相続診断士について
相続診断士をご存知でしょうか?相続の専門家…というほど高度なものではありませんが、「入口の専門家」と言えると思います。揉めようと思えばいくらでも揉めさせることができる相続ですが、それは事前に何も準備しなかったことに起因することが多いのです。かと言って「士業」の先生にいきなり相談に行くのも、また相続税がかかるほど財産がなければそもそも「相続対策」自体が不要だと考えられている節もあります。
この前見ていた映画でこんなシーンがありました。お葬式のシーン、もっと言うなら葬式後の食事の場面でした。亡くなったのは父親で、相続人は母、長男(主役)、弟、妹の3人です。
長男「年寄りの一人暮らしは心配だから、母さん、ウチへ来ればいいよ。」
母「住み慣れた家から、離れるのは嫌や。ここにおる。」
弟「なあ、兄貴。親父の財産、どうすんの?」
長男「財産言うても、目ぼしいのはこの家しかあらへん。」
参列者「この土地とお屋敷なら、大体3000万円くらいやろ。」
弟「なら、母さんが半分の1500万円、兄弟3人で500万円ずつやな。」
長男「お前、葬式の時にそんな話をせんでも・・・。」
妹「兄さん、これとそれとは話が別ですよ!」
こんな感じで「争族」がスタートしていきます。
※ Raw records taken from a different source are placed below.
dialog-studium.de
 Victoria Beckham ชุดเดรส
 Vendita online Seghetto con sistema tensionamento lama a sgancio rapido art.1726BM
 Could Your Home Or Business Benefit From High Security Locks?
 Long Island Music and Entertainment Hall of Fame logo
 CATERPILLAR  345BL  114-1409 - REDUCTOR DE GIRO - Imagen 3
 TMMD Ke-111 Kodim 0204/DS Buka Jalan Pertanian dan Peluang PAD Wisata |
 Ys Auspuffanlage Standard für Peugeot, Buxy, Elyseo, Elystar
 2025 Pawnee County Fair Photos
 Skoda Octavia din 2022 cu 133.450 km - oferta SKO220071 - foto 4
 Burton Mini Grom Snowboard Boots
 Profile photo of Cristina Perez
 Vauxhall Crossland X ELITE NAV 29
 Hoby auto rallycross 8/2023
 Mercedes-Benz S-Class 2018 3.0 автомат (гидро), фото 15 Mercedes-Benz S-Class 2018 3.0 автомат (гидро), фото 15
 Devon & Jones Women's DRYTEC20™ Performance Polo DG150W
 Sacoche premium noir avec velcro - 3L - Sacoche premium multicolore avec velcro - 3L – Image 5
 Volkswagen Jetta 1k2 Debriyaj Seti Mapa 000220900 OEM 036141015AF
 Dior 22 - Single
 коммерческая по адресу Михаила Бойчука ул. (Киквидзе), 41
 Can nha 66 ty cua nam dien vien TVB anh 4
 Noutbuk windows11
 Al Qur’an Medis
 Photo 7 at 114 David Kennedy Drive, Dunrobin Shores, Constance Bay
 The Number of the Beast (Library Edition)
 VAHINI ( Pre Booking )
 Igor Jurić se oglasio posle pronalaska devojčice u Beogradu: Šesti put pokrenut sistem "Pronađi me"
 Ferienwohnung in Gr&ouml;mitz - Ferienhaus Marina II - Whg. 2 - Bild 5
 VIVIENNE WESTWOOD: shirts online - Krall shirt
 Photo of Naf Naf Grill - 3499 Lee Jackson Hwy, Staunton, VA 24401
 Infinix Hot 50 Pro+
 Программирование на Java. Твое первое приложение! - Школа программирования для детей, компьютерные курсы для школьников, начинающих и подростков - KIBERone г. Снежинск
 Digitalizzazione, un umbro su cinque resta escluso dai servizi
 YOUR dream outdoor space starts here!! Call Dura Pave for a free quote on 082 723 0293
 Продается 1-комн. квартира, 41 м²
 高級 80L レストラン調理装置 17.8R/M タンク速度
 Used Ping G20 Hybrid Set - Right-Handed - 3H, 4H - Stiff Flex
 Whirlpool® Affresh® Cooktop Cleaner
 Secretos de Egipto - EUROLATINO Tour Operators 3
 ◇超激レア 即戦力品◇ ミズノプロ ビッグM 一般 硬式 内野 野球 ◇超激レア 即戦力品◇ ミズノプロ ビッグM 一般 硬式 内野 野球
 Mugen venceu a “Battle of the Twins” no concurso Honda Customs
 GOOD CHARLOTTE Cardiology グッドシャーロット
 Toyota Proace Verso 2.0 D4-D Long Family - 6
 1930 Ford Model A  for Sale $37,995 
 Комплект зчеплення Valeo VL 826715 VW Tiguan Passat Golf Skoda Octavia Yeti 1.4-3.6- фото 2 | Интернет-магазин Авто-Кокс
相続診断士はそうなる前に「遺言」で誰が何を相続するかを、一緒に解決を図る役割を担っています。
この事例ではこうします。
①まず土地と屋敷の鑑定評価を行い、その価値をはっきりさせます。上記事例で参列者が「3000万円くらいやろ」には何の根拠もありません。
②婚姻期間が20年以上あるようであれば、母へ贈与しておきます。不動産の評価額次第ですが、こうすれば父の相続財産から外れます。遺留分も考えなくてもよくなります。
※もちろん「遺言」で母親に不動産含め全財産を相続させることを指定することはできますが、「遺留分(最低限の取り分)」が認められます。ここでは長男、弟、妹に各「250万円」の請求権がありますので、もしその分を請求されたら、母親は払う必要が出てきます。
これを父が亡くなる前にやっておけば、弟・妹とも請求するものがないので「争族」にはなりません。ただ、母親の相続のことを考えておかなくてはならないのですが、それはまた別にお話ししします。